La gran mole di precedimenti aperti e lo spropositato numero di persone sotto indagine (insieme
all’introduzione di reati e di circostanze aggravanti specificamente modellati sulle proteste ambientaliste
e ai reiterati aumenti delle pene previste per blocco stradale, da ultimo anche nel “Decreto Sicurezza” al
vaglio del Parlamento che prevede il carcere per chi effettua blocchi stradali ) hanno comunque prodotto,
indipendentemente dall’esito dei procedimenti, quello che viene definito chilling effect ossia un disincentivo ad agire. Ulteriormente aggravato da sanzioni pecuniarie spropositate che di fatto, assieme alle alte spese legali, mirano ad azzoppare la capacità di iniziativa delle associazioni e movimenti, di fatto pregiudicando il diritto alla libertà associazione.

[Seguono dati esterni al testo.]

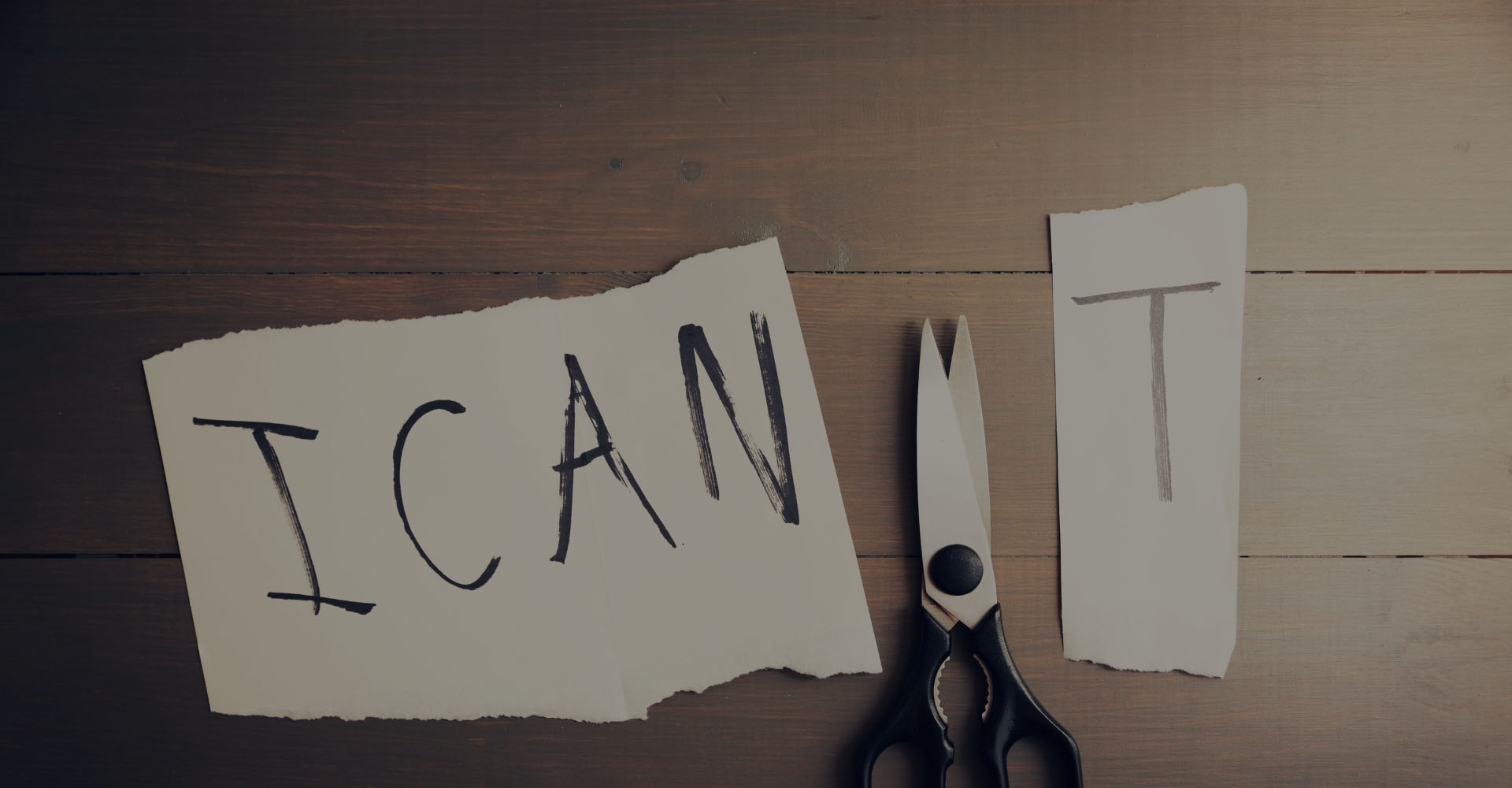 A piece of paper with a scissor visible where cut through the phrase 'I CAN'T' to change to to 'I CAN'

Le conclusioni del nostro lavoro di indagine e ricerca sono chiare: l’Italia, il governo, il Parlamento
attraverso le loro iniziative, le narrazioni, le leggi mirate a contrastare, delegittimare, criminalizzare, denigrare chi protegge la Madre Terra e il clima violano o pregiudicano sistematicamente gli impegni presi a livello internazionale per quanto concerne i diritti umani, la difesa dei diritti umani e dell’ambiente, il diritto alla libertà di espressione e di associazione.

Cosa chiediamo

1) Contrastare le narrazioni che dipingono i difensori dell’ambiente e i loro movimenti come criminali, riconoscendo pubblicamente l’importante ruolo svolto dai difensori e dalle difensore dell’ambiente e del clima e promuovere a tutela delle loro libertà di espressione, riunione pacifica e associazione astenendosi
da qualsiasi forma di stigmatizzazione delegittimazione, denigrazione o criminalizzazione verso gli stessi.

2) L’uso ricorrente di pratiche di disobbedienza civile da parte di movimenti ambientalisti e per la giustizia climatica non deve costituire il pretesto per limitare lo spazio civico e l’esercizio delle libertà fondamentali.

3) Qualsiasi misura o pratica quali il ricorso a misure di contrasto al terrorismo o alla criminalità organizzata che risultino in un effetto dissuasivo sull’attivismo ambientale e climatico andrà prontamente abbandonata.

4) Andrà garantito che l’operato del settore giudiziario ed eventuali sentenze comminate riguardo i casi di protesta ambientale e per la giustizia climatica che comportino effetti dirompenti per l’ordine pubblico non contribuiscano alla restrizione degli spazi di agibilità civica o alla violazione dei diritti civili ed ambientali sottoscritti dall’Italia.